Saturday, January 16, 2010

Buying A Used Car

IN the market for a new car for the new year? You might want to check out this piece that I wrote for GARAGE magazine last year before taking the plunge.


YOU’RE in the market for a new car, quite possibly your very first vehicle. But then you suddenly realized a few things. You don’t have enough budget for a brand new vehicle. You don’t know anything about cars. And you either don’t know where to look or what to really look for.

This is why it is not uncommon advice for you to instead consider a used or pre-owned vehicle as your first car. Segunda mano, in the vernacular. True, a used car is not as clean, not as fresh and certainly not as smooth as new cars. And it cannot and will not have the same level of performance of its spanking new counterpart since it has already covered several thousand miles and probably all kinds of roads.
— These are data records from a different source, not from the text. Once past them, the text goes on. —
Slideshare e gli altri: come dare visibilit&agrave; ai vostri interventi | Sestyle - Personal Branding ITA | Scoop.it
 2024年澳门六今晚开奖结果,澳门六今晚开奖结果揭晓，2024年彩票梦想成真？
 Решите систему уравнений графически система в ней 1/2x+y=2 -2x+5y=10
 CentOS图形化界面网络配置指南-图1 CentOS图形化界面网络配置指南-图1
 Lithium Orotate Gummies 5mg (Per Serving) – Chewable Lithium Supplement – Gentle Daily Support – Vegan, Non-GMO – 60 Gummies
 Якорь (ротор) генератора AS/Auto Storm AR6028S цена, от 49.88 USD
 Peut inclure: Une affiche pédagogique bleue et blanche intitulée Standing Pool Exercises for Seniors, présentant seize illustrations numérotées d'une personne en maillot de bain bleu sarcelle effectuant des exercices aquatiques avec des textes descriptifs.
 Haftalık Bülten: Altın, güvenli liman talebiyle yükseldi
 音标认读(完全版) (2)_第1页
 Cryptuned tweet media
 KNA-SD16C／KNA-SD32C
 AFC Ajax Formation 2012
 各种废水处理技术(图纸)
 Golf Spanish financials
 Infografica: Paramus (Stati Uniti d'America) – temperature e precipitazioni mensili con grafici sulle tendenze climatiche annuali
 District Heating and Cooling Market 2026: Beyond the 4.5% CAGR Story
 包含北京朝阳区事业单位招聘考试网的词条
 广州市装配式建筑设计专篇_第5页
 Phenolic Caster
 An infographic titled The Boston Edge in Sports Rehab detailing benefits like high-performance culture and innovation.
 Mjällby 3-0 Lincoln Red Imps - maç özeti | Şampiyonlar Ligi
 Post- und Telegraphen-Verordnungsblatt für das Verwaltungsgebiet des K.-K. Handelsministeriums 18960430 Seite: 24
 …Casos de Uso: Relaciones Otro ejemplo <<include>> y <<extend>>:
But it’s also true that a good number of used cars do look just as good and if (well-maintained by the seller) perform just as well as their brand-new counterparts while available at more desirable price tags that suit your budget.

What to look for

As most buyers of second-hand cars we interviewed will attest, doing one’s homework is the key to getting a very good used car deal. Autolink Philippines (, an online auto resource says the first thing you need is to determine your needs: “If you are buying the car for yourself, are you looking for something used primarily for commuting, or for work? Are you looking for a status symbol? Then a compact car, sports car or pickup may suit you. Do you have children?” and so on.

“Choose a car that fits your lifestyle and contributes to your functionality and productivity,” adds Charlie, a self-styled middle man for Luxury Car sellers. “Whether brand-new or second hand, what matters most is you get a car you’ll enjoy driving and riding. You have to like the car and not just be influenced by reviews or what other people say about it. That means getting a feel for the car and see if it is right for you.”, another online auto resource says “shopping for a used car is not really as easy as buying a new car. Never trust your instincts in buying used cars. Getting a thorough review of the car will help you find a good buy.”

And by thorough review, that means doing your homework. For starters, beauty is very much skin deep even and especially when it comes to used vehicles. “Don't just fall in love with the car based on its looks,” cautions Lizette Manalo, a US-based businesswoman who engages in online buying and selling at under the username iluvukay. “Inspect under the hood. Some simple checkings can give you better judgment of how the owner has treated the vehicle.”

What’s under the hood

Lizette says engine issues are expected with second hand cars. “Due diligence can keep one from buying a lemon car and can keep you from being stuck with hefty repair bills that are mostly unnecessary,” she says. “First, you need to check oil and transmission oil. If they’re dark and grimy, that means the owner might be negligent with oil changes. If the air filter is black then it’s dirty.”

If you make a checklist, then Lizette also suggests a few more questions that you’ll want answered when checking out a used car. “Are there leaks under the car? Are there unnecessary noises that shouldn’t be there when you test drive it? Do the brakes work well and does it squeak when you step on them? Do the car shift smoothly? Does it overheat as shown by the temperature needle drastically shifting to high after driving for a while? Does the airconditioning work? Gauges? Electricals like headlights, taillights and wipers? Does the car have starting issues that can possibly be caused by a dying alternator, battery or others? How much tire meat is left? What kind of repairs, major or minor, has the owner done to it?”

Autolink adds that knowing a used car history (i.e. “totaled in an accident/salvaged, flood damage, odometer rollbacks, lemon histories, junked titles, state emissions inspection results, lien activity, and/or vehicle use”) is also very important not just in determining its true worth but also in getting a good idea on how much mileage and usage does it still have in its tank.

Who to take with you

If you don’t have enough confidence in determining these things on your own, then by all means, get your own mechanic (make sure, he’s a really good one at that, too) to check out the car for you. Listen to Lizette: “If the owner would agree to take the car with to a mechanic, or have a tune-up done by a pro, then tune ups can pretty much tell you some issues that your plain eyes and intuition cannot see.”

There are always certain risks involved when buying a used car, or any used item for that matter. Maricel Tan Chong, another businesswoman who has owned several cars over the years and has bought both brand new and used vehicles advices only to buy from people you already know. “Unless you personally know the owner of the car you are buying and the history of the car itself, there is a great risk of driving home a defective car,” she says. “Remember, people selling cars only highlight their good points and rarely mention, if they ever do, their defects.”

Charlie, the Luxury Car specialist somewhat disagrees. “I think it’s okay to buy from a used car dealer where you are comfortable transacting and convenient for you. Buying from a dealer is establishing a relationship where the buyer is also dependent upon the service of the dealer and it is important that there is mutual trust.”

Lastly, Charlie emphasizes to importance of giving some down payment to reserve the car. “When you have the car’s service history and you had it checked by your mechanic and all that, then you need to make a down payment. As the dealer or seller is also continuously advertising the car regardless if the buyer is really interested, A down payment is a good first step in eventually “sealing the deal.”